2) Place character(s) in setting.
3) Introduce conflict.
4) Attempt to resolve conflict
5a) Fail, go to 4.
5b) Succeed, but introduce new conflict, go to 4.
5c) Conflict solved, go to 6.
6) Epilogue.
I think it's a pretty standard way to tell a story, and you can recognize this structure in most stories. Applying it to an expanded version of Donuts:
1) Character: Fusionette.
2) Setting: donut shop.
3) Conflict: no more donuts.
4) Attempt to buy donuts elsewhere.
5a) Fail, only shop in Paragon City.
4) Attempt to bake own donuts.
5a) Fail, sets kitchen on fire.
4) Rob a bank to buy a donut shop.
5b) Succeed, but now she's a villain.
4) No attempt to solve the conflict, but...
5c) It was all a daydream.
6) Banter with Penelope on the way to get donuts.
As you can see this structure makes it very easy to expand any story by just adding more 5a/b loops. It's also easy to introduce secondary plots: I already introduced another character (Penelope) who could have her own loop with her own setting (her house) and her own conflict (Fusionette won't leave) and her own attempts to solve the conflict (do boring stuff, invite someone she can't stand over, pretend she got kidnapped, etc).

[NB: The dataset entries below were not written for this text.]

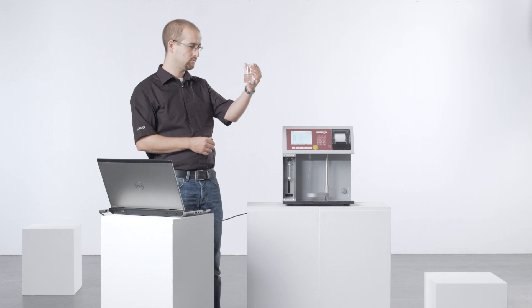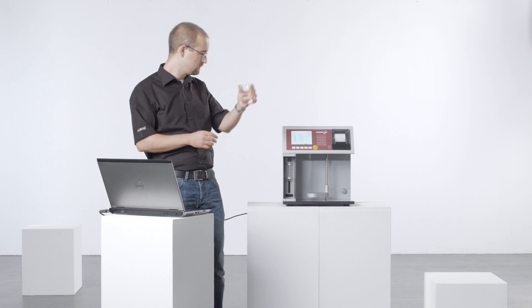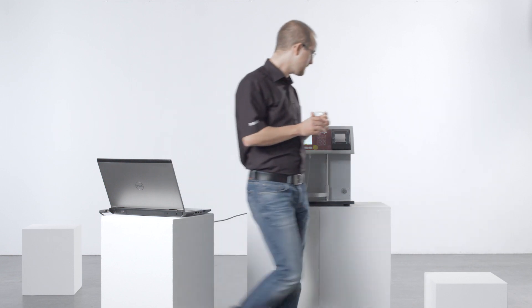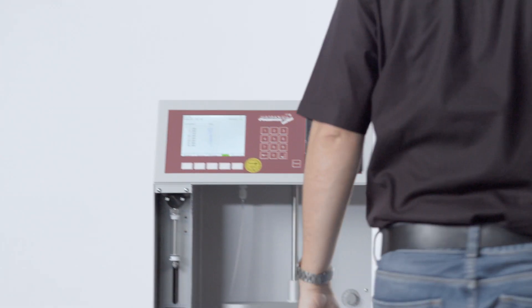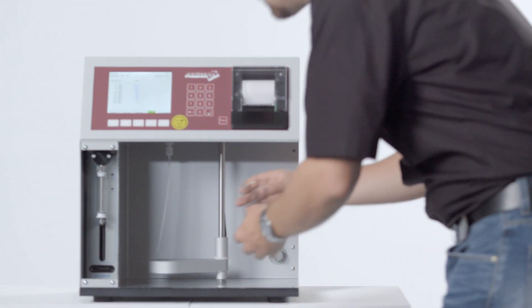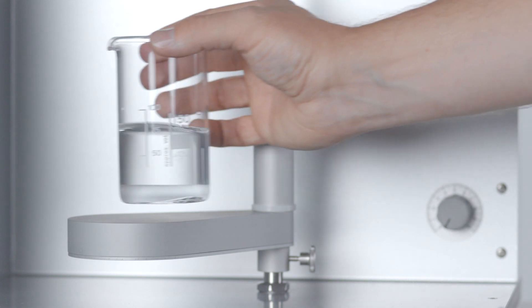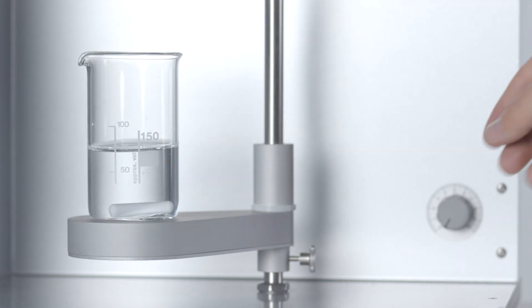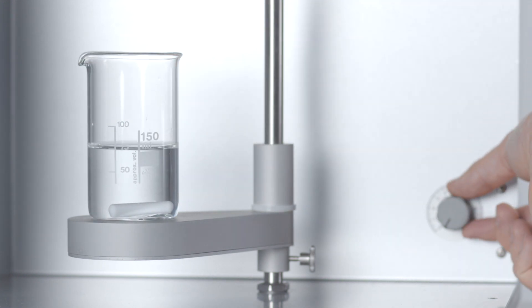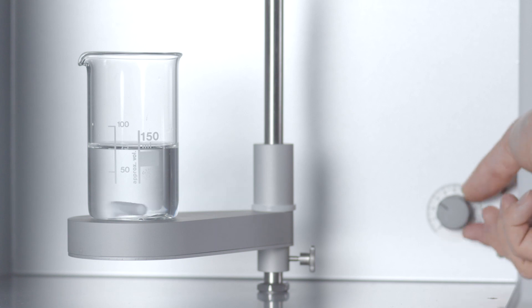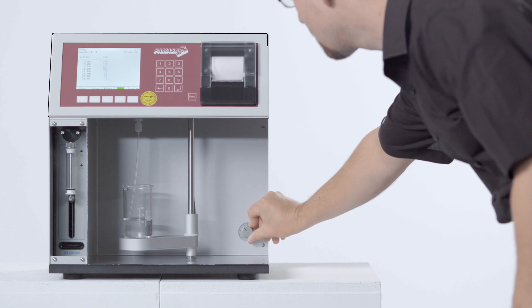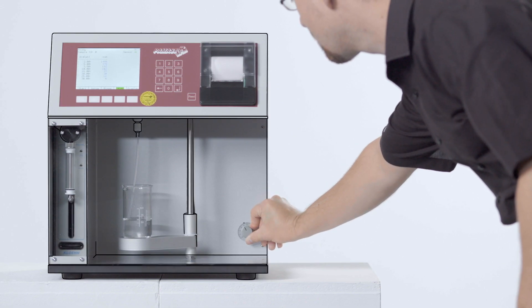Due to its flexibility, an array of sample vessels can be used. An integrated magnetic stirrer guarantees that the particles are thoroughly and homogeneously distributed.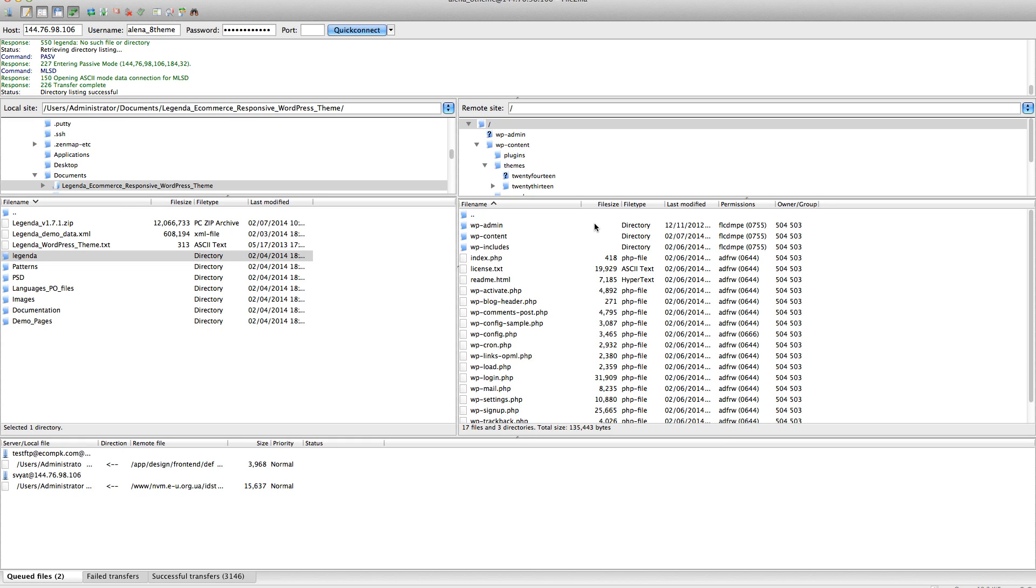For this installation, you need to have WordPress and the WooCommerce plugin already installed.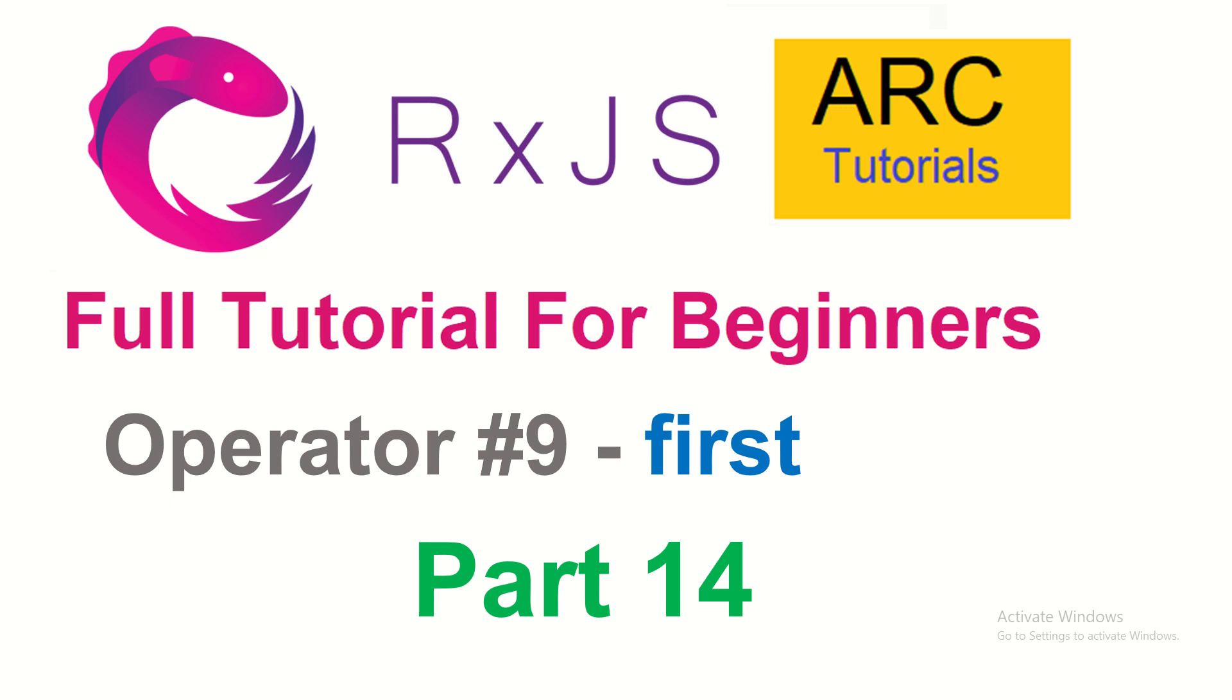Hi friends, welcome back to ARK Tutorials. This is RxJS Full Tutorial Series for Absolute Beginners.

So, how do you tell a story? -
Dang! I was so busy doing the COH Poser that I forgot finalists were announced today! Yay!
One thing I don't like is that the page appears to allow votes from people with no gametrailers account, just by visiting it. That would make it very easy to cheat by spoofing votes... -
Progress report: COH Poser v0.20
I think my stick figure limbs are too long. But, all the Pitch translations seem to be working; I made some progress with Yaw and Roll but they're giving me hideous headaches. I'm heading out, so that's probably all the progress you'll see today.